Statistics Canada
Symbol of the Government of Canada

Reliability of the Data

Warning View the most recent version.

Archived Content

Information identified as archived on the Web is for reference, research or recordkeeping purposes. It has not been altered or updated after the date of archiving. Web pages that are archived on the Web are not subject to the Government of Canada Web Standards. As per the Communications Policy of the Government of Canada, you can request alternate formats on the "Contact Us" page.

All the possible sources of error are examined below.

Definitions have been taken from a compendium of methods of error evaluation in censuses and surveys, Statistics Canada, catalogue no. 13-564E.

Coverage

“Coverage errors are introduced whenever the sampling frame...does not adequately represent the target population at the time of the survey.”1

Coverage is a minor source of error.  Surveys are of all known and suspected, large R&D performers and funders i.e., those believed to have R&D expenditures of at least $1,000,000.

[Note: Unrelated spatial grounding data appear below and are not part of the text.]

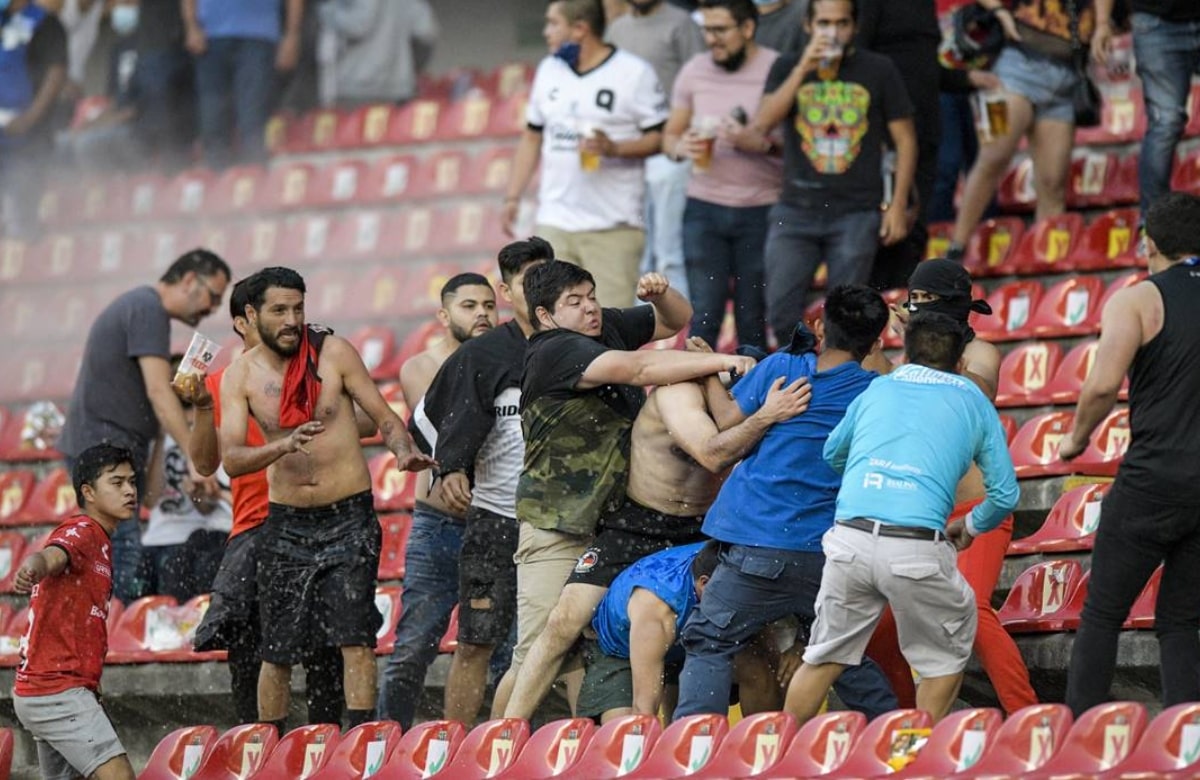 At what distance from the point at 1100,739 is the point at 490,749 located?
212cm

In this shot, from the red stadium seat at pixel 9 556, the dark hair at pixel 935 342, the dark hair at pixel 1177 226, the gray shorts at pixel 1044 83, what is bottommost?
the red stadium seat at pixel 9 556

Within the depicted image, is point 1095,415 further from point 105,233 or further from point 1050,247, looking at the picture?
point 105,233

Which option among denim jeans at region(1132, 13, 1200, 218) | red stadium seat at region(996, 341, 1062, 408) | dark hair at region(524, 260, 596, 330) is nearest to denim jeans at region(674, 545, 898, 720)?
dark hair at region(524, 260, 596, 330)

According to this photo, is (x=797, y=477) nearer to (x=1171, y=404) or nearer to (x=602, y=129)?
(x=1171, y=404)

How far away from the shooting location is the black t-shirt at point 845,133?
10.2m

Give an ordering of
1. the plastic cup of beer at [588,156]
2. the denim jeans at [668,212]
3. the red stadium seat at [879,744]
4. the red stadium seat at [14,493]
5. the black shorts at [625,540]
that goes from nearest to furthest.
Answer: the red stadium seat at [879,744], the black shorts at [625,540], the plastic cup of beer at [588,156], the denim jeans at [668,212], the red stadium seat at [14,493]

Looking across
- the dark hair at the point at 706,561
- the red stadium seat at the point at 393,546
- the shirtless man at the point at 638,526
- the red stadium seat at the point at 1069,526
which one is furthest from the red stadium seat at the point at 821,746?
the red stadium seat at the point at 393,546

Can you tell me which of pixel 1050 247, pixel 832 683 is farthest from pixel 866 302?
pixel 1050 247

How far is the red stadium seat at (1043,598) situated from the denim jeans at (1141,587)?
102 centimetres

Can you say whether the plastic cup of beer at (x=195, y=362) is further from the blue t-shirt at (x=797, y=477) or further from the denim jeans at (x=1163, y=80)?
the denim jeans at (x=1163, y=80)

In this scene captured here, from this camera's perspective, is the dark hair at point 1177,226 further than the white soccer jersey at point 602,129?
No

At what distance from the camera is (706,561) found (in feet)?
24.0

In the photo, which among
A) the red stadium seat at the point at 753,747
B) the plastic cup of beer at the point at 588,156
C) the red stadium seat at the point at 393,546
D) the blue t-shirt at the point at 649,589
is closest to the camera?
the red stadium seat at the point at 753,747

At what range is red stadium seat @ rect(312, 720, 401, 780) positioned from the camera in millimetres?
7984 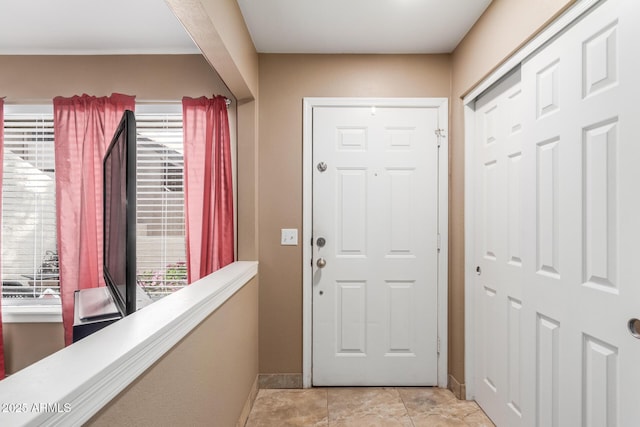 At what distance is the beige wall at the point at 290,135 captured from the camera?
269 cm

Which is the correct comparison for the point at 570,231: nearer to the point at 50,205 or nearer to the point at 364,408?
the point at 364,408

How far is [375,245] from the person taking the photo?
269 cm

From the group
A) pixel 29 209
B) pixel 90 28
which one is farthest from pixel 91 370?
pixel 29 209

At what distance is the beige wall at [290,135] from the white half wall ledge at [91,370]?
1.36 m

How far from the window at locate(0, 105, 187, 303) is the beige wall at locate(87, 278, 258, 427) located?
2.90 feet

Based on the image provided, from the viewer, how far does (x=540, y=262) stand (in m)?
1.67

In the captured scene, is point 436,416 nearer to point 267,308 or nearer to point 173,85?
point 267,308

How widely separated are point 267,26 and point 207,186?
1134mm

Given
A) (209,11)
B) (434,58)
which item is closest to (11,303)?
(209,11)

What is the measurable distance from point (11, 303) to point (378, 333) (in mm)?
2835

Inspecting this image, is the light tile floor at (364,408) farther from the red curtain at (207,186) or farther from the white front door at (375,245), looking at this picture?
the red curtain at (207,186)

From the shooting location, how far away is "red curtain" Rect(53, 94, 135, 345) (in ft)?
8.52

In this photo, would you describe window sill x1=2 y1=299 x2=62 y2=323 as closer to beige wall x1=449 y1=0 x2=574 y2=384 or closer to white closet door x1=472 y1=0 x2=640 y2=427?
beige wall x1=449 y1=0 x2=574 y2=384

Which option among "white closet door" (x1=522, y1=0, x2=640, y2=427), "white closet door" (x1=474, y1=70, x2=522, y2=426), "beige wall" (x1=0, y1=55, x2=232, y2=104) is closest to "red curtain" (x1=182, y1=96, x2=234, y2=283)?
"beige wall" (x1=0, y1=55, x2=232, y2=104) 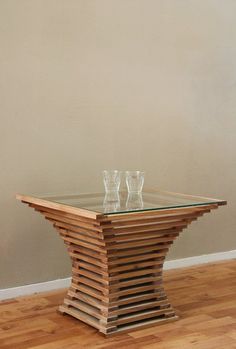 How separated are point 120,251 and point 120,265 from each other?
8cm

Administrative data are used for the small R&D performers or funders. Companies have up to 18 months after their fiscal year end to claim a tax credit for their R&D expenditures.  Underreporting due to this time lag is estimated to be less than 8%, and is largely corrected by imputing estimates based on industry trends for all known performers who have not yet submitted their claim.

Response

“A response error occurs whenever a characteristic is misreported in a census or a survey.”1

As a result of a reconciliation of federal and industrial accounts of government grants and contracts, we think that industrial R&D performance estimates may be slightly low. This is caused by the non-reporting of industrial R&D funded by contract. Such work is sometimes not distinguishable from non-R&D contract work.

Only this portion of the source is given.